- [What the task requires]
Look below for the line with "University of Lahore" and the line with "Handheld Stainless Steel"; repeat exactly those two lines and all lines between them, but no pictures.
########################################
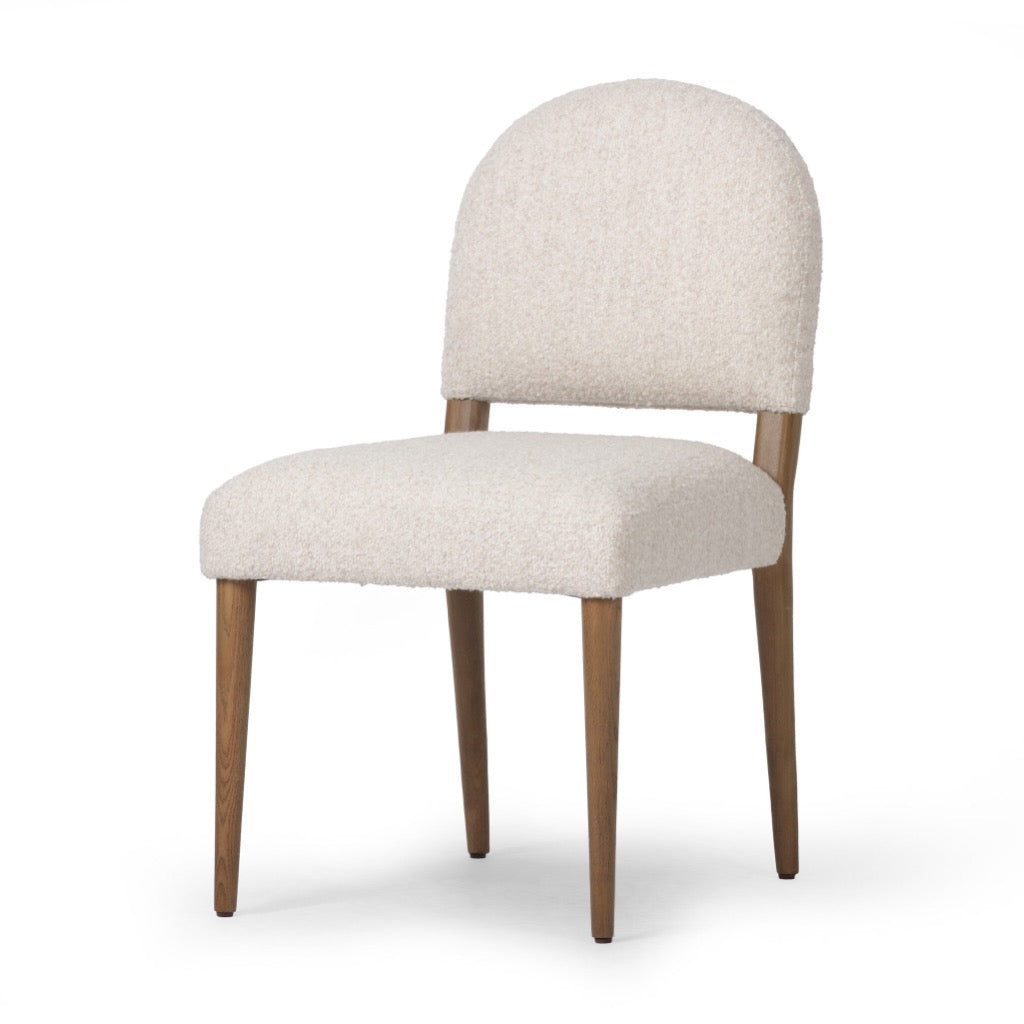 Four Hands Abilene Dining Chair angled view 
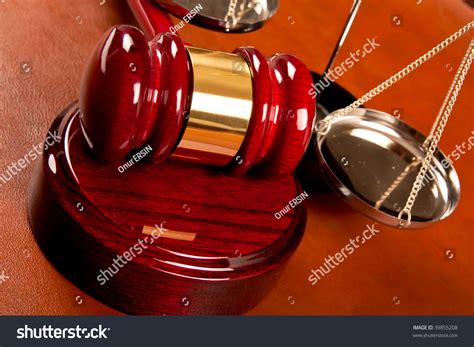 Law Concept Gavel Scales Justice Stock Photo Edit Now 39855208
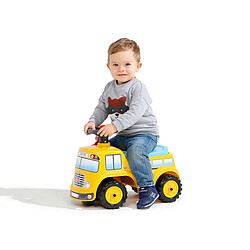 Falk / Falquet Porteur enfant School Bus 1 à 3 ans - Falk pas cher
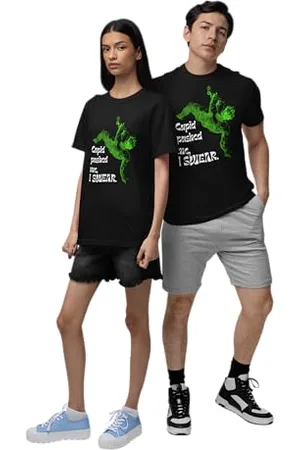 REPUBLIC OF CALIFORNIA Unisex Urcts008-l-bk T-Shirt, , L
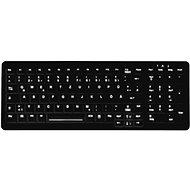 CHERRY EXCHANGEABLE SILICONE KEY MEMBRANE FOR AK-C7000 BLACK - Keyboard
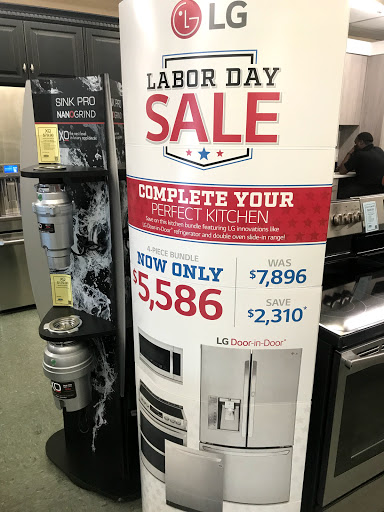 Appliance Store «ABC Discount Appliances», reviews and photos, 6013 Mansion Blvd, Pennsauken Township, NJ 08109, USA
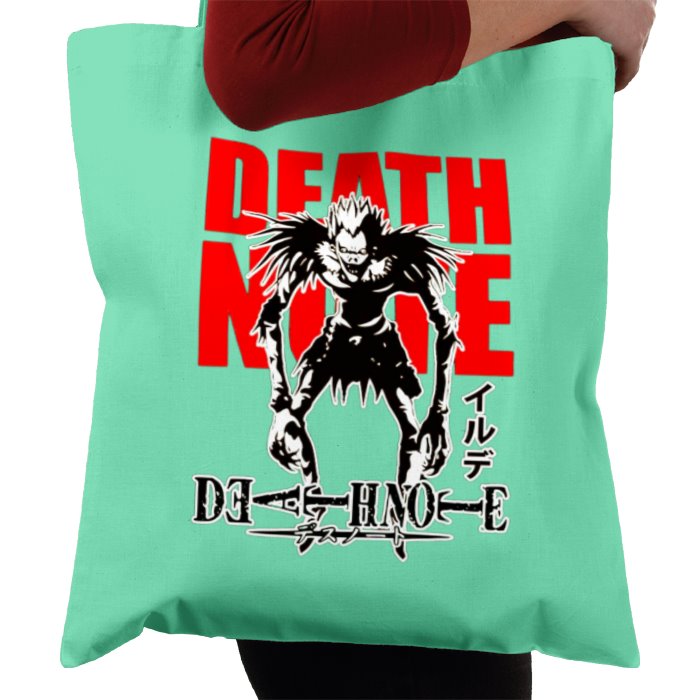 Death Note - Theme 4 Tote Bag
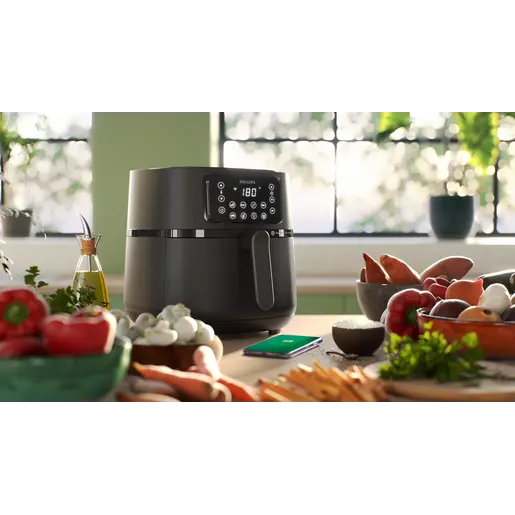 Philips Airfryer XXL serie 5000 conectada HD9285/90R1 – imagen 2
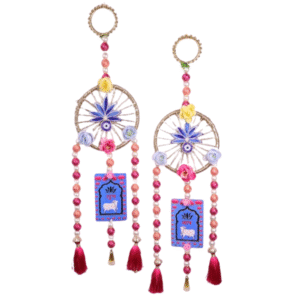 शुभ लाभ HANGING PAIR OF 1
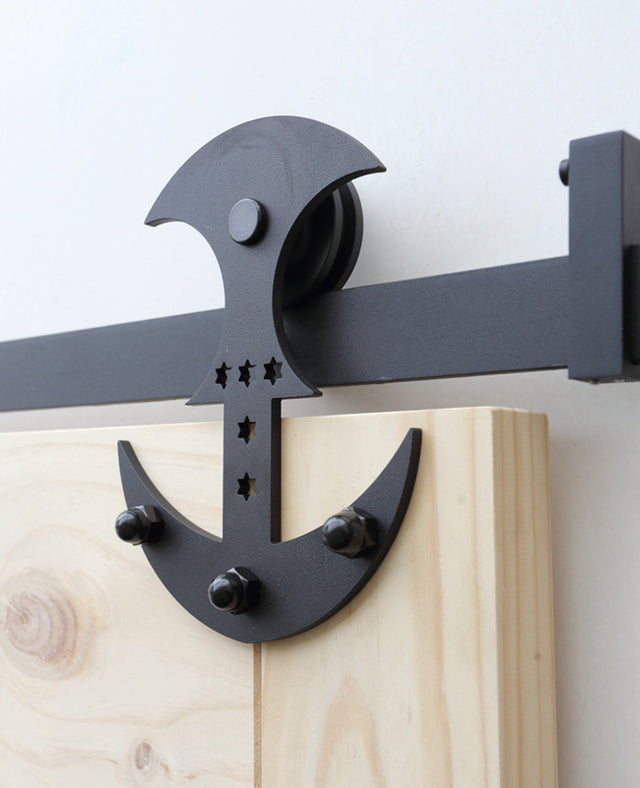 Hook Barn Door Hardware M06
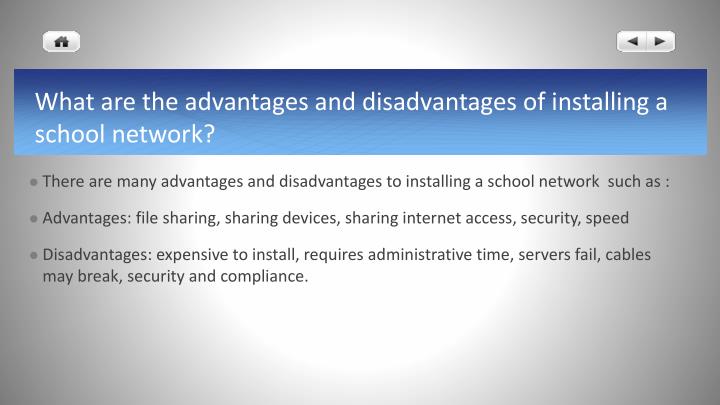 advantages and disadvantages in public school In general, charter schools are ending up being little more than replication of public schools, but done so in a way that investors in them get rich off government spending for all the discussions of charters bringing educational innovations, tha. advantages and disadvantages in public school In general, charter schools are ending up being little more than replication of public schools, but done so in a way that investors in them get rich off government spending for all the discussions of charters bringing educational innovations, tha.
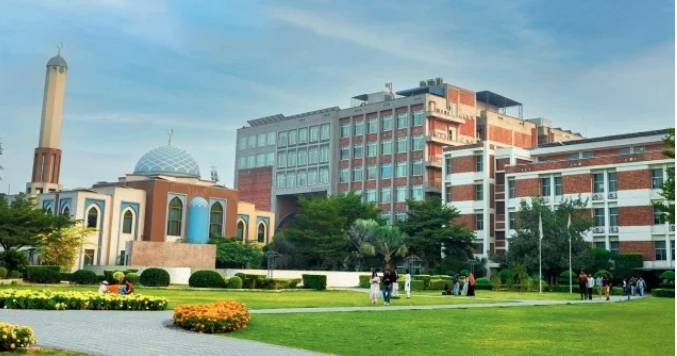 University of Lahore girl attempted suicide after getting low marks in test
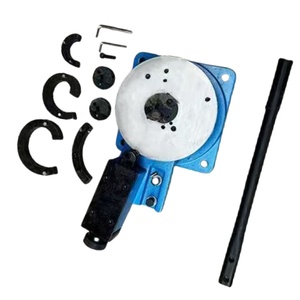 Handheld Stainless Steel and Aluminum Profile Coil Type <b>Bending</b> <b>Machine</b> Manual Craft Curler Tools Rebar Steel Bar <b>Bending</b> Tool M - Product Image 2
########################################
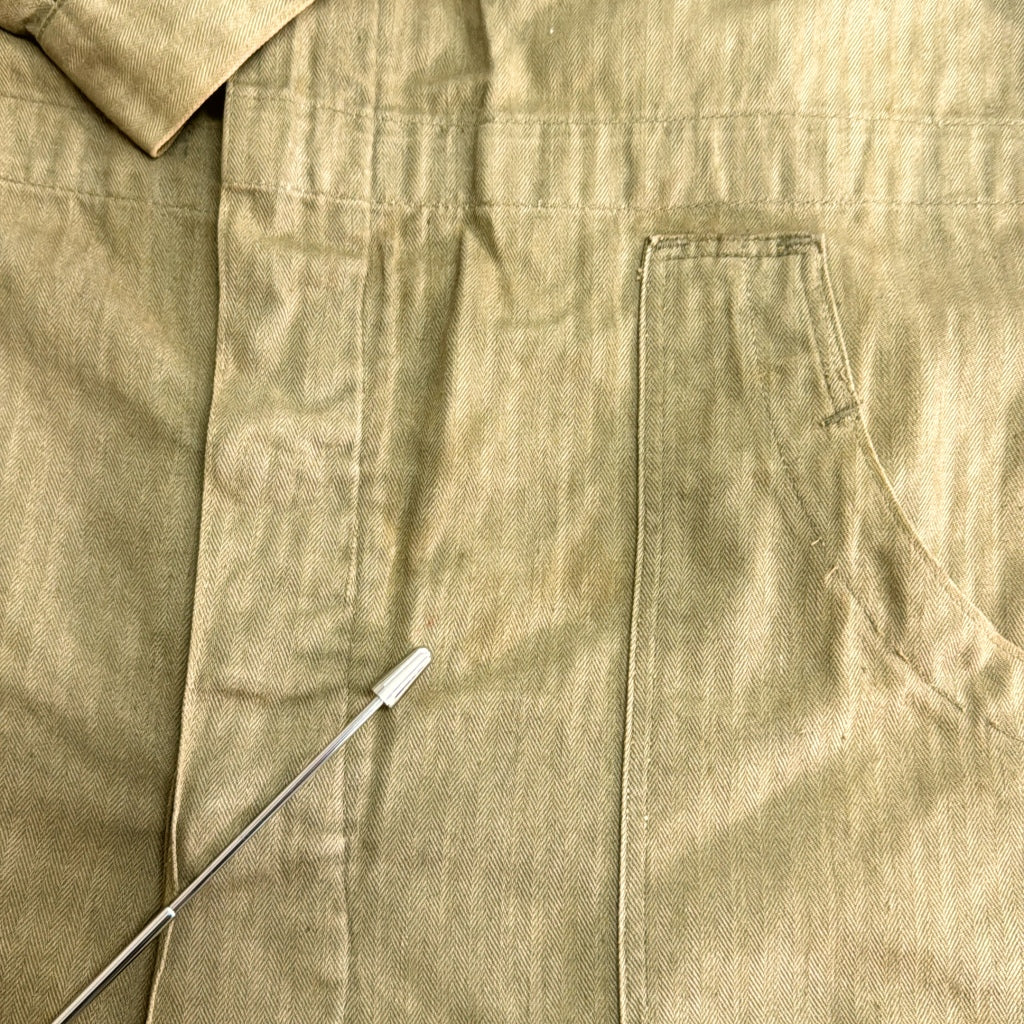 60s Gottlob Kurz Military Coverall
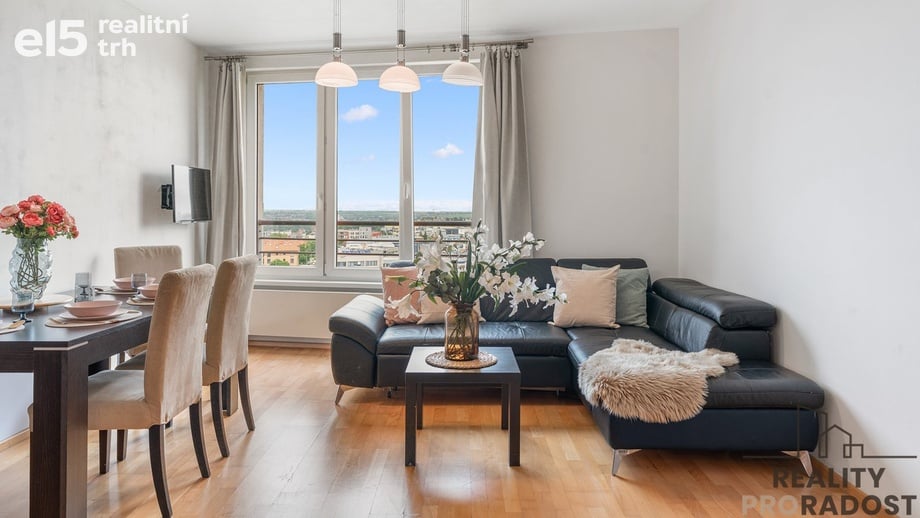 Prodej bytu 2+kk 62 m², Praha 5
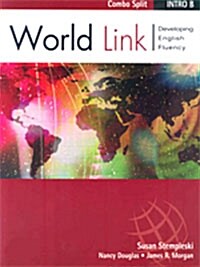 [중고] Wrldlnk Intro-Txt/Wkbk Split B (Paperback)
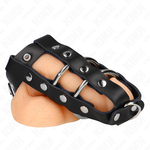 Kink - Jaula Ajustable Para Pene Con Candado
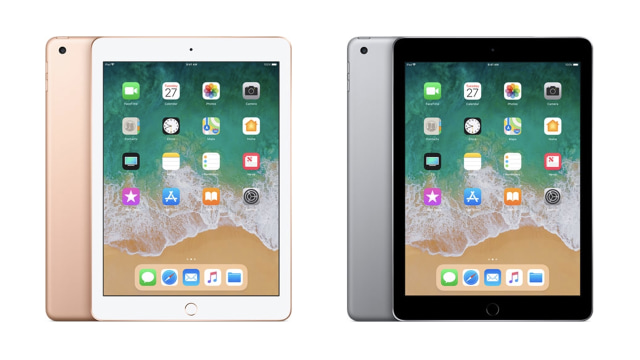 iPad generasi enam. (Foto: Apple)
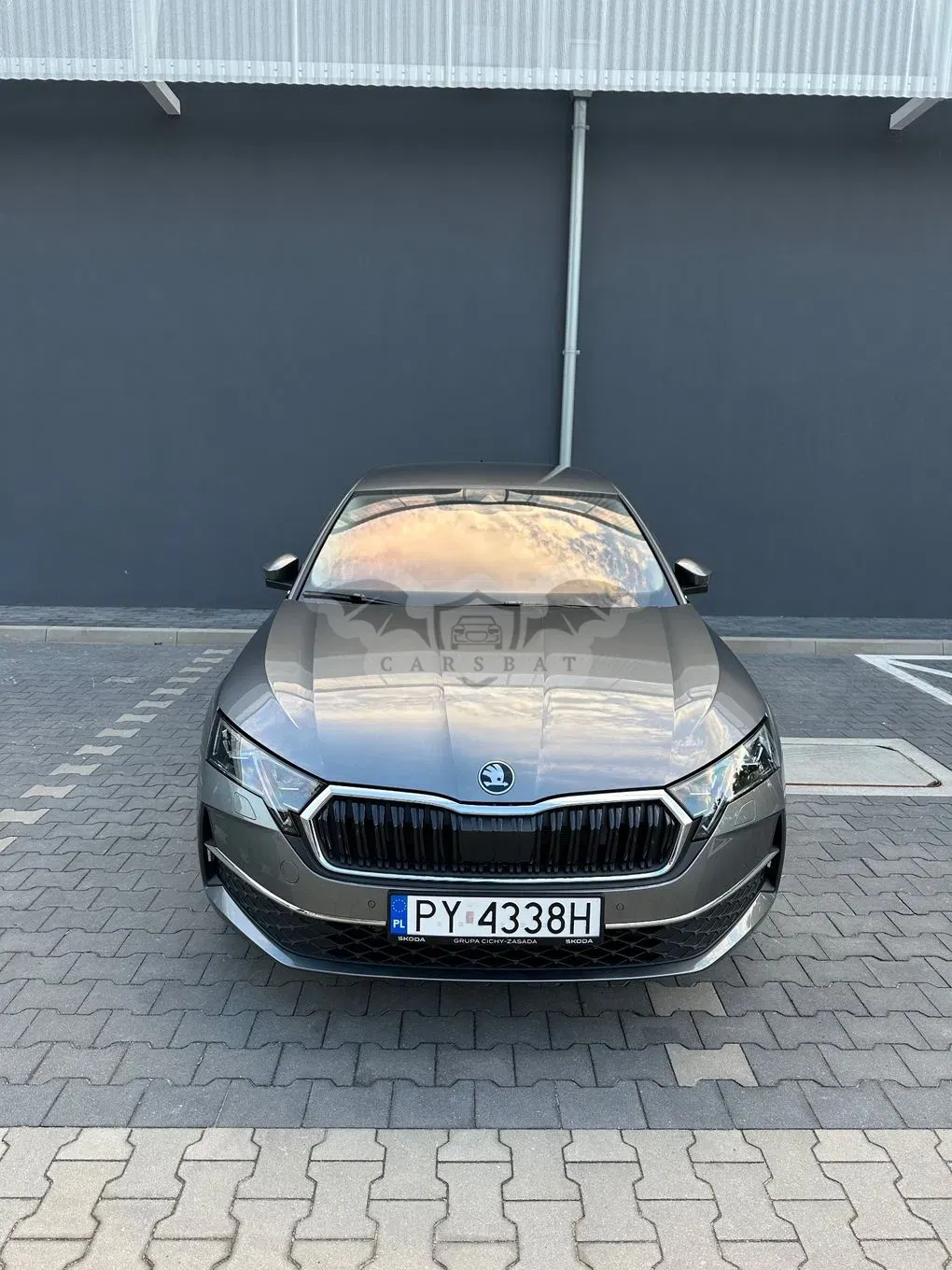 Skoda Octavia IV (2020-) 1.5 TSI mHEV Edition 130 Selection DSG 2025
########################################
- [Answer to this exercise]
 University of Lahore girl attempted suicide after getting low marks in test
 Handheld Stainless Steel and Aluminum Profile Coil Type <b>Bending</b> <b>Machine</b> Manual Craft Curler Tools Rebar Steel Bar <b>Bending</b> Tool M - Product Image 2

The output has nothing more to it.